An extraordinary gift might look more like the $100 million donation by John and Tashia Morgridge recently announced by University of Wisconsin-Madison. To my eyes what makes this gift extraordinary is not its magnitude, but more importantly the fact that “the record-shattering donation is to be used exclusively for recruiting and retaining world-class faculty through endowed chairs and endowed professorships. Some of the money will go toward salaries, but a substantial amount will help launch research of top-flight faculty and hire students to work with them.” This is a gift framed to acknowledge the budgetary crisis faced by UW-Madison and the rest of the system.
But wait, you might object, the Lubar gift will also build the UWM Welcome Center, which will help UWM bring tuition-paying students to campus. “‘Welcome centers today are really important,’ the chancellor said. ‘They’re the first thing you see on a campus.'” And as all businesses know, customers’ purchasing decisions are largely dependent on their first impressions. But to invest money in a Welcome Center when the university to which prospective students are being welcomed is in the process of being devastated, makes it appear as if the UWM administration is more interested in marketing its brand so that “customers” will “purchase” UWM with their tuition than it is in investing in the quality of the “educational product” that these customers will receive when they enroll as students at UWM.
One day perhaps the University of Wisconsin-Milwaukee might receive a truly extraordinary gift, one that would sponsor exceptional undergraduate teachers in the liberal arts and sciences, fund talented graduate students to pursue their degrees without being exploited as over-worked, underpaid labor, or support world-class faculty research in the production of cutting-edge knowledge in traditional and non-traditional fields.

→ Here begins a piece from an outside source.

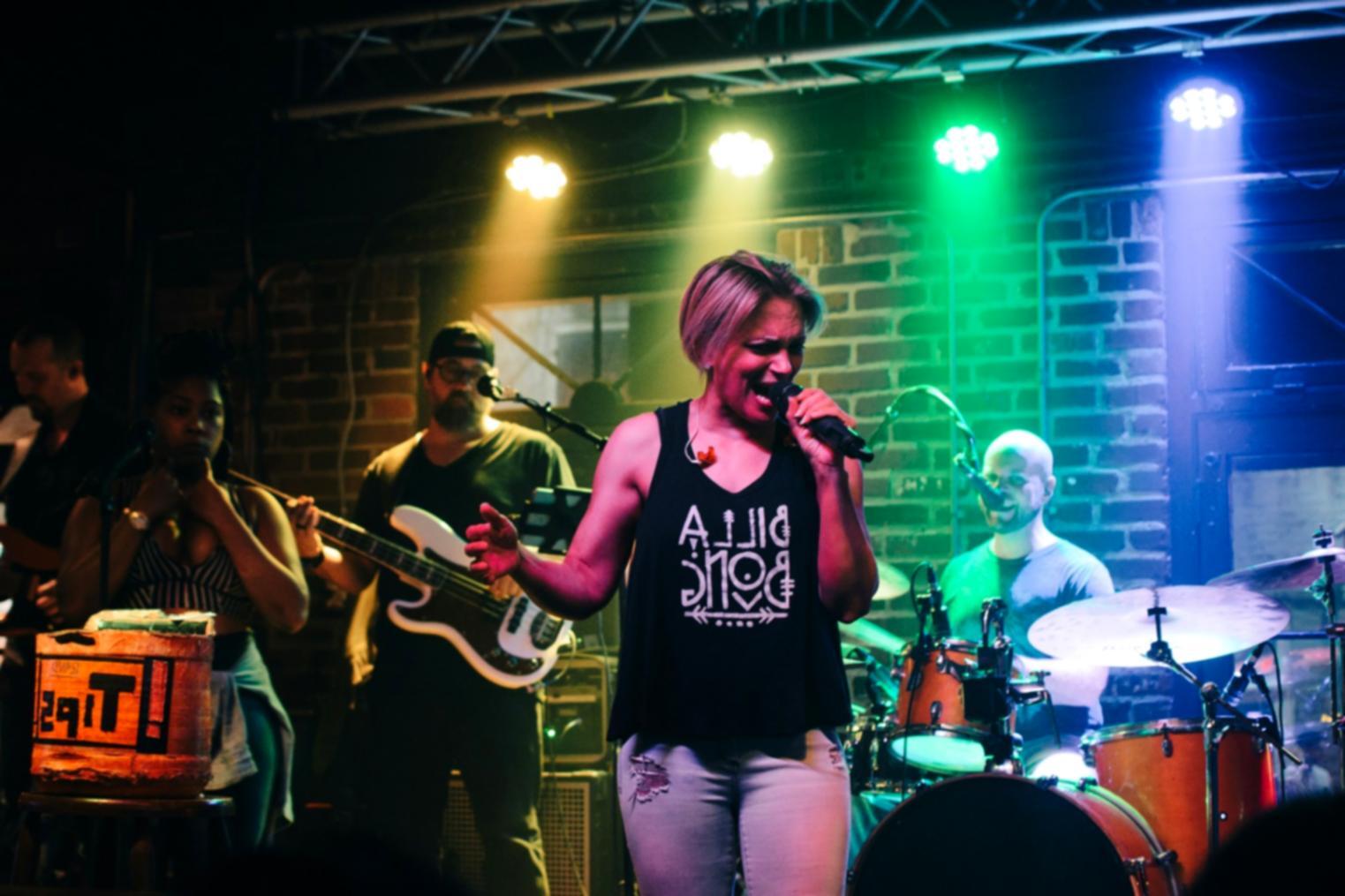 Звукова студія Boostiqz з обладнанням для створення аудіо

For now, prospective student, welcome to the University of Entrepreneurship at Milwaukee. We don’t invest much money in faculty to teach you or to conduct scholarly research. The infrastructure on campus is failing and the library has no money to buy books. But if you are sold on UWM by your first impression of the Lubar Welcome Center and decide to purchase our educational product, welcome aboard. While on campus, you would be well advised to keep your eyes on UWM’s administrative class, so that some day you may learn the innovative entrepreneurial techniques that will allow you, too, to capitalize on your talents for your own (and perhaps even others’) personal gains.